3) a. L'art. 137 al. 1 LIFD prévoit que, lorsque le contribuable ou le DPI conteste le principe même ou le montant de la retenue d'impôt, il peut, jusqu'à la fin mars de l'année qui suit l'échéance de la prestation, exiger que l'autorité de taxation rende une décision relative à l'existence et l'étendue de l'assujettissement. Aux termes de l'art. 138 al. 1 LIFD, lorsque le DPI a opéré une retenue insuffisante ou n'en a effectué aucune, l'autorité de taxation l'oblige à s'acquitter de l'impôt qui n'a pas été retenu. Le droit du DPI de se retourner contre le contribuable est réservé.
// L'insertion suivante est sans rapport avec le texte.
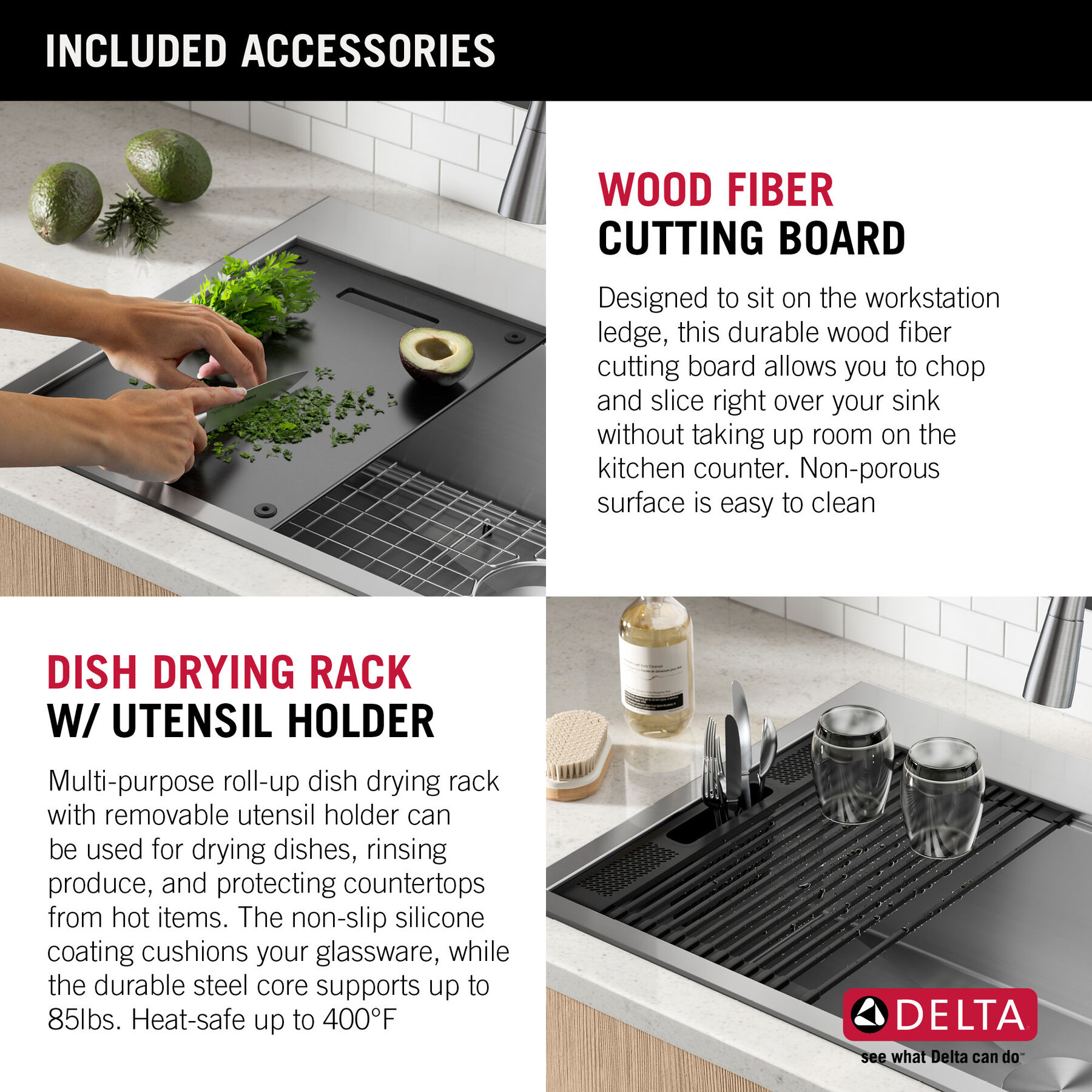 Lavabo de cocina tipo estación de trabajo con dos receptáculos de acero inoxidable 50/50 calibre 16 de 33" de montaje superior encastrado, con reborde WorkFlow™ y accesorios, imagen 1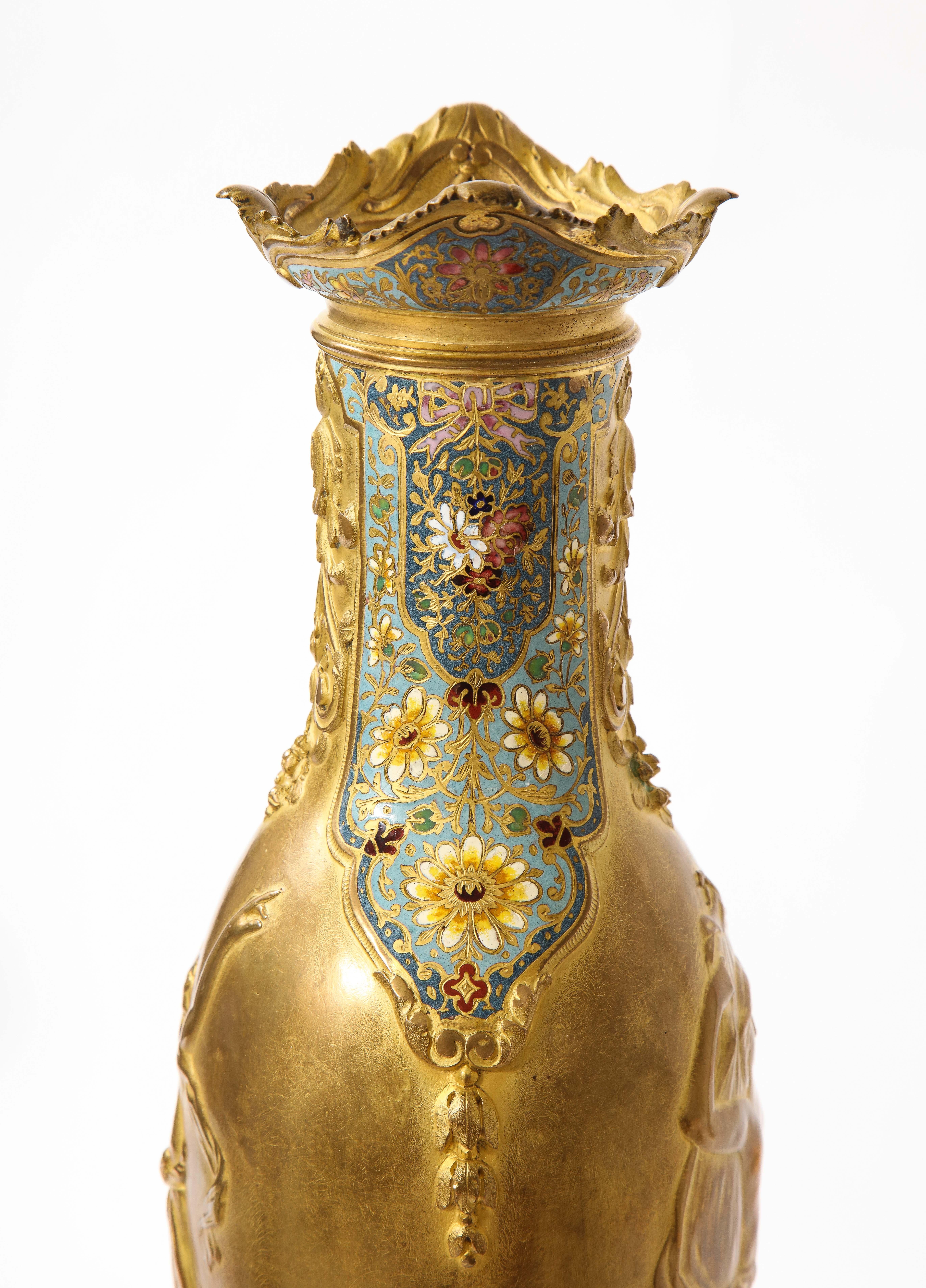 Pr. French 19th C. Louis XVI Style Dore Bronze Enamel & Marble Mtd. Vases For Sale 11
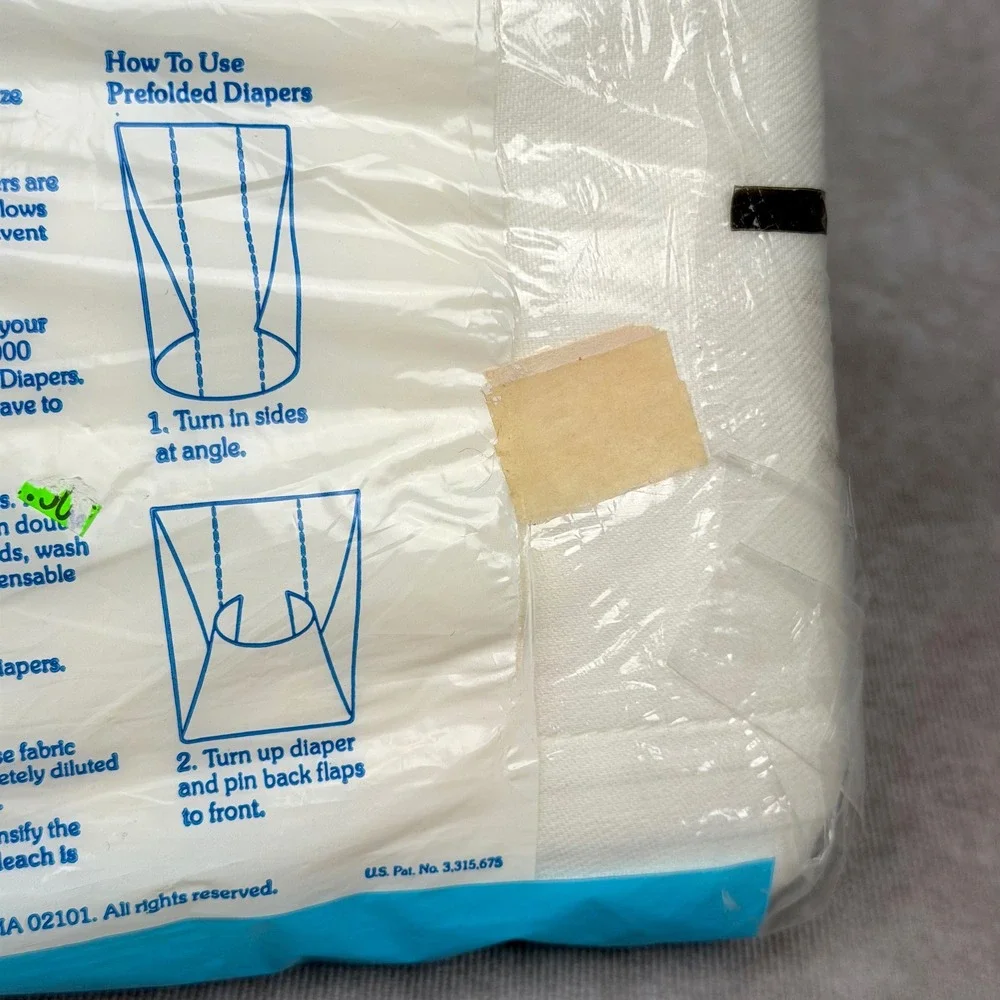 Curity Prefolded Cloth Diapers 12 Pack 100% Cotton Gauze White 14.5x20.5 Vintage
Des dispositions similaires sont prévues par les art. 21 al. 3 et 4 et 23 de la loi sur l'imposition à la source des personnes physiques et morales du 23 septembre 1994 (LISP - D 3 20) et par l'art. 49 de la loi fédérale sur l'harmonisation des impôts directs des cantons et des communes du 14 décembre 1990 (LHID - RS 642.14).

Ces dispositions doivent être interprétées en ce sens qu'après l'échéance du délai à fin mars, il n'est plus possible de soulever des contestations sur le principe de l'assujettissement fiscal, mais que seule demeure la possibilité de critiquer la somme de la retenue d'impôt et cela soit en faveur du fisc, soit en faveur du contribuable (ATF 144 II 313 consid. 6.2).

Le paiement complémentaire au sens de l'art. 138 LIFD ne suppose pas que les conditions restrictives du rappel d'impôt prévu à l'art. 151 LIFD soient remplies, la seule condition préalable étant que le débiteur de la prestation imposable ait opéré une retenue insuffisante ou n'en ait effectué aucune (Yves NOËL/Florence AUBRY GIRARDIN [éd.], Impôt fédéral direct, Commentaire romand, 2e éd., 2017, p. 1756 n. 2 ad art. 138 LIFD). Dans la mesure où l'autorité n'a pas rendu une décision relative à l'existence et l'étendue de l'assujettissement au sens de l'art. 137 LIFD, elle devra rendre une décision en paiement complémentaire. Toutefois, si la dette d'IS a déjà été établie par l'autorité de taxation entrée en force selon l'art. 137 LIFD, seul un rappel d'impôt peut encore avoir lieu aux conditions de l'art. 151 LIFD (Yves NOËL/Florence AUBRY GIRARDIN [éd.], op. cit., p. 1756 n. 3)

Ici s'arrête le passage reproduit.